'''

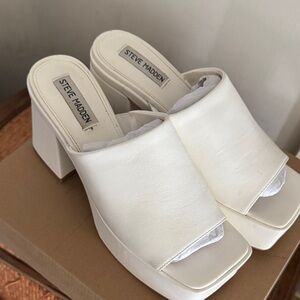 Steve Madden Cream Platform Mules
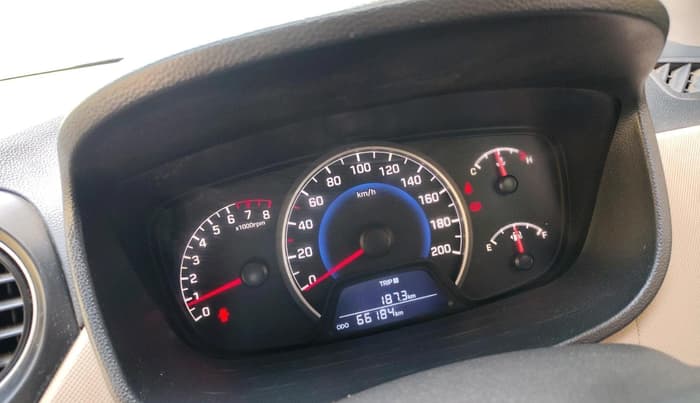 2017 Hyundai Grand i10 SPORTZ 1.2 KAPPA VTVT, CNG, Manual, 66,184 km, interior
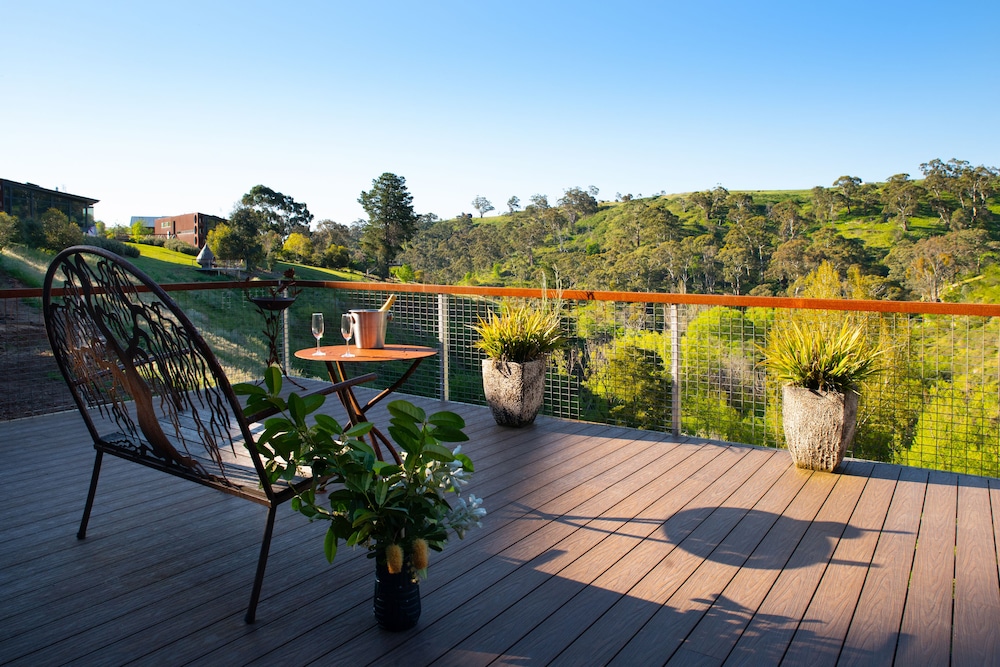 Clifftop at Hepburn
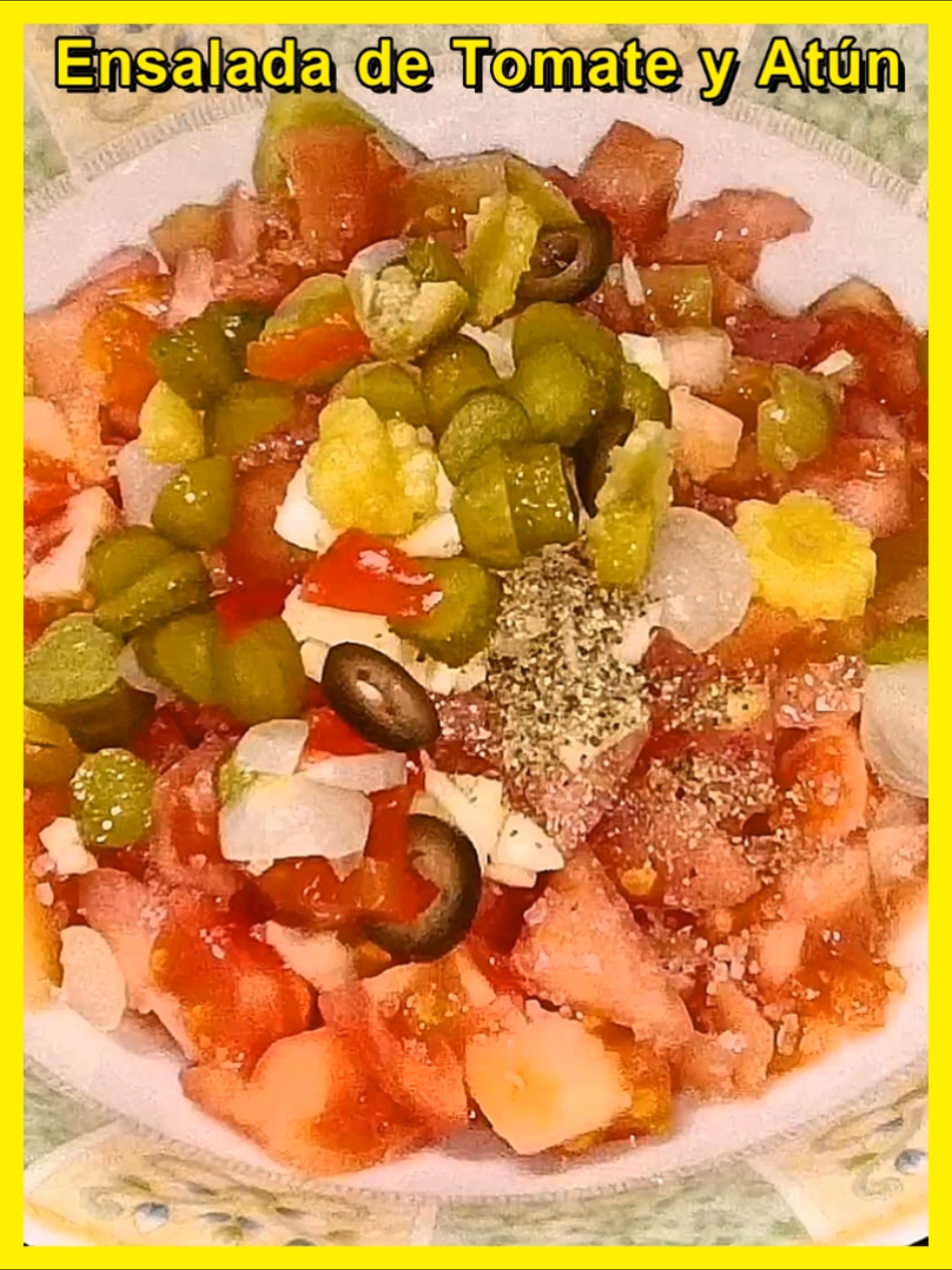 ✅ Ensalada de Tomate y Atún 🥗 INGREDIENTES: (Todos al Gusto) - Tomate de Ensalada  - Atún en Aceite  - Ajo Picado  - Encurtidos  - Aove  - Vinagre de Manzana  - Sal Marina  - Pimienta Molida  - Perejil Picado #ensaladasaludable #ensaladadeatun #recetasdeensaladas #ensaladadeverano #ensaladabasica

'''

# [WHAT THE EXERCISE ASKS]
Make an exact copy of the lines from the one holding "Clifftop at Hepburn" through the end of the material, both ends included, and keep the pictures out of it.

# [RESPONSE TO THE TASK]
 Clifftop at Hepburn
 ✅ Ensalada de Tomate y Atún 🥗 INGREDIENTES: (Todos al Gusto) - Tomate de Ensalada  - Atún en Aceite  - Ajo Picado  - Encurtidos  - Aove  - Vinagre de Manzana  - Sal Marina  - Pimienta Molida  - Perejil Picado #ensaladasaludable #ensaladadeatun #recetasdeensaladas #ensaladadeverano #ensaladabasica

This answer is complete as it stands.